• _ASSIGNMENT_: Please retype every entry as written, and keep the pictures out.

=-=-=-=-=

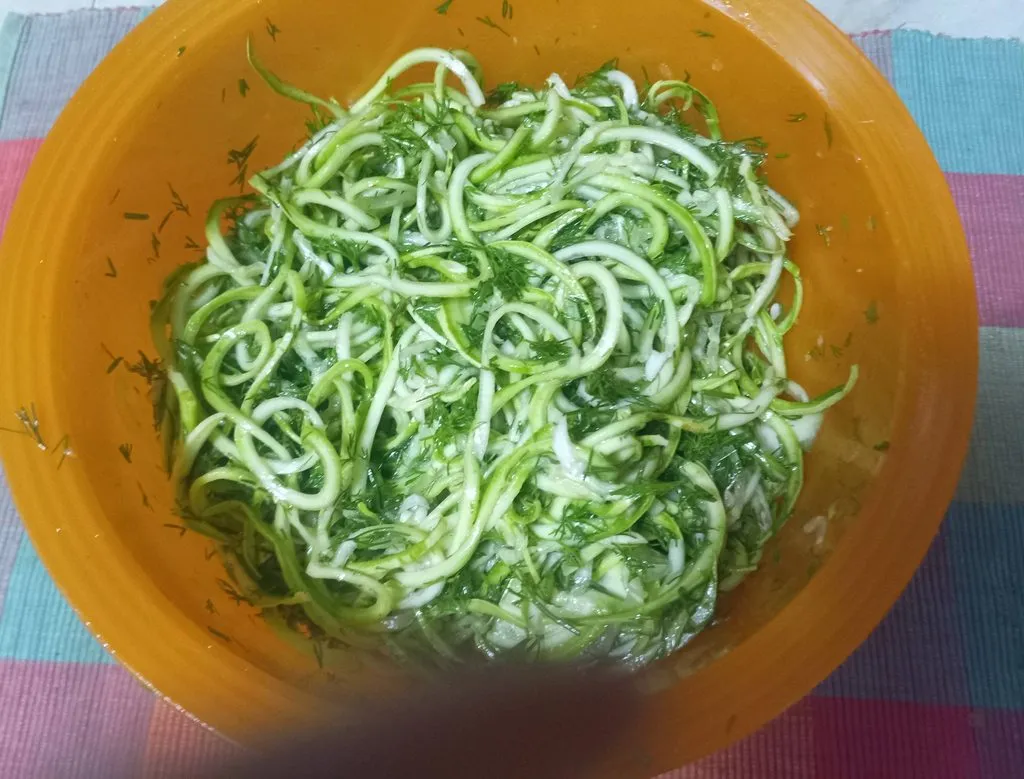 Кабачки маринованные мгновенного поедания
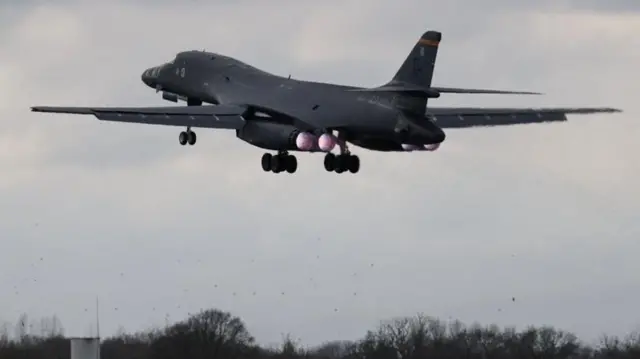 Xiyyaara waraanaa US B-1 jedhamu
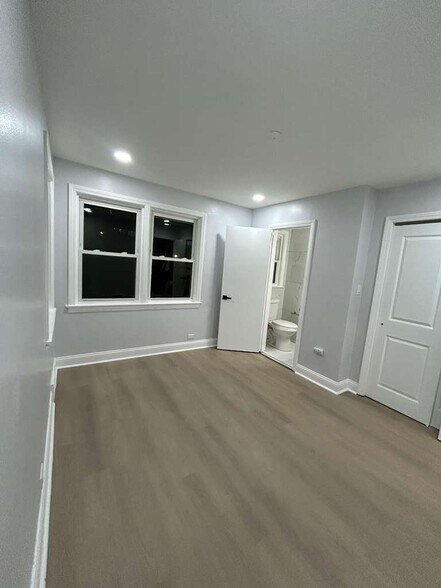 Building Photo - 5647 N Spaulding Ave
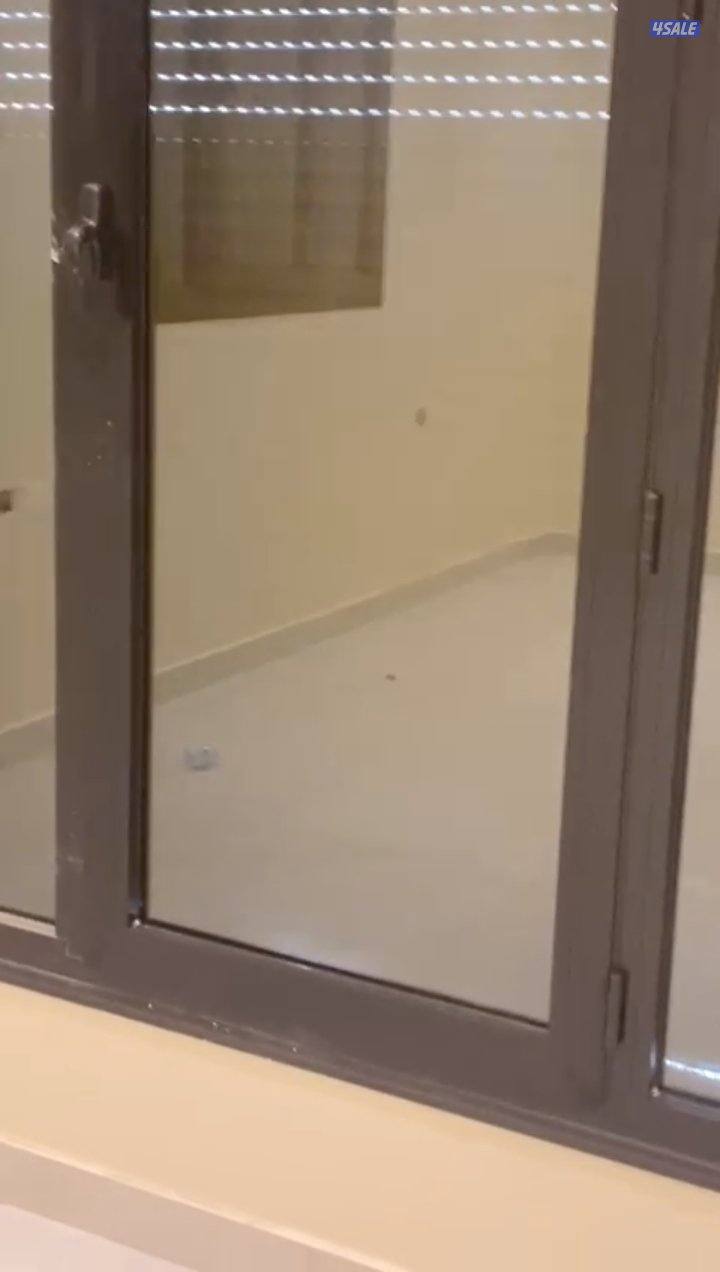 للايجار ب المطلاع n114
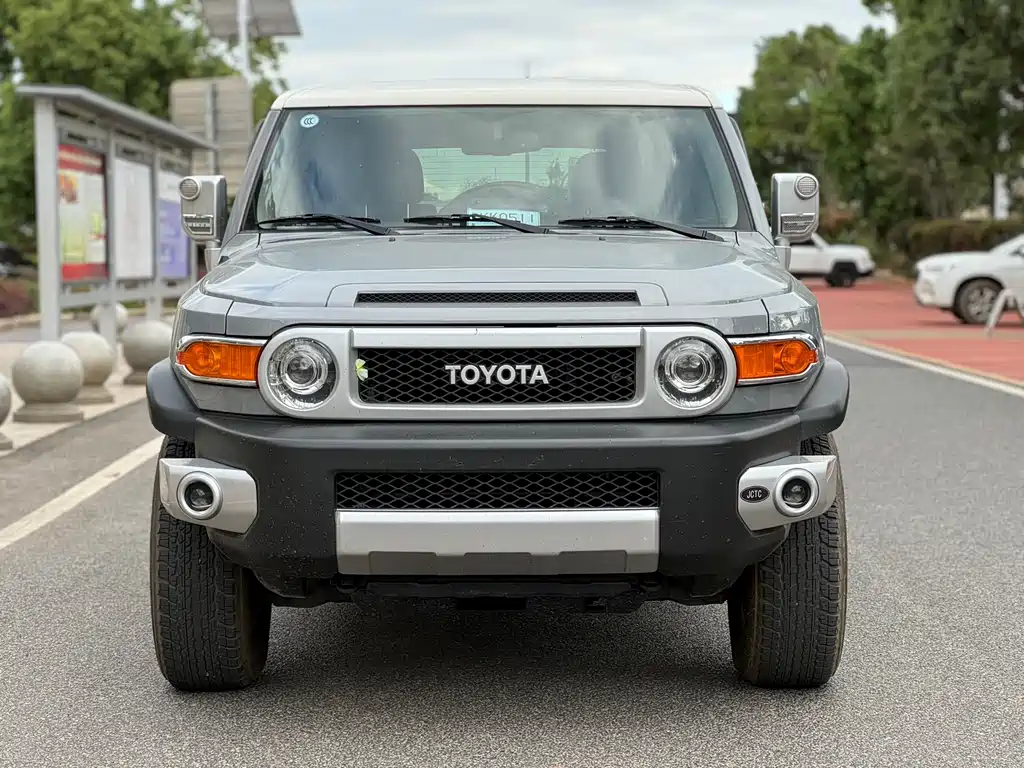 Toyota FJ Cruiser 2024 — фото 2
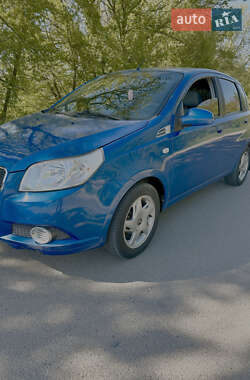 Хэтчбек Chevrolet Aveo 2009 в Никополе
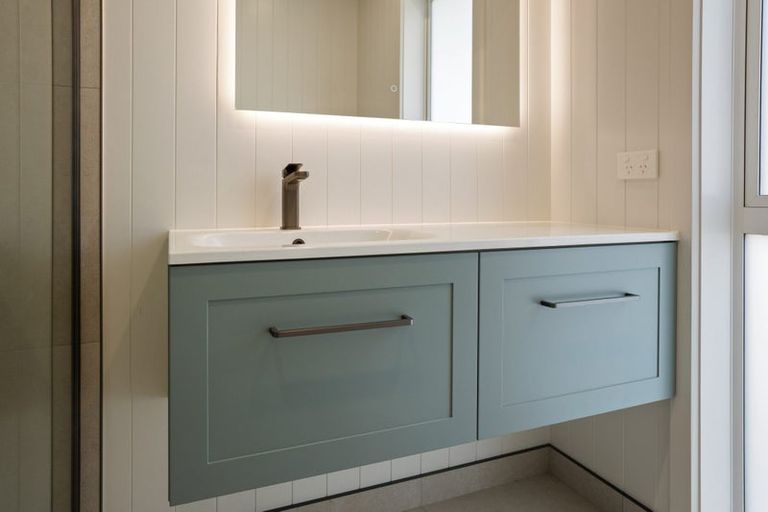 Photo of property in 156 Kupe Drive, Whitianga, 3510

=-=-=-=-=

• _ANSWER BELOW_:
 Кабачки маринованные мгновенного поедания
 Xiyyaara waraanaa US B-1 jedhamu
 Building Photo - 5647 N Spaulding Ave
 للايجار ب المطلاع n114
 Toyota FJ Cruiser 2024 — фото 2
 Хэтчбек Chevrolet Aveo 2009 в Никополе
 Photo of property in 156 Kupe Drive, Whitianga, 3510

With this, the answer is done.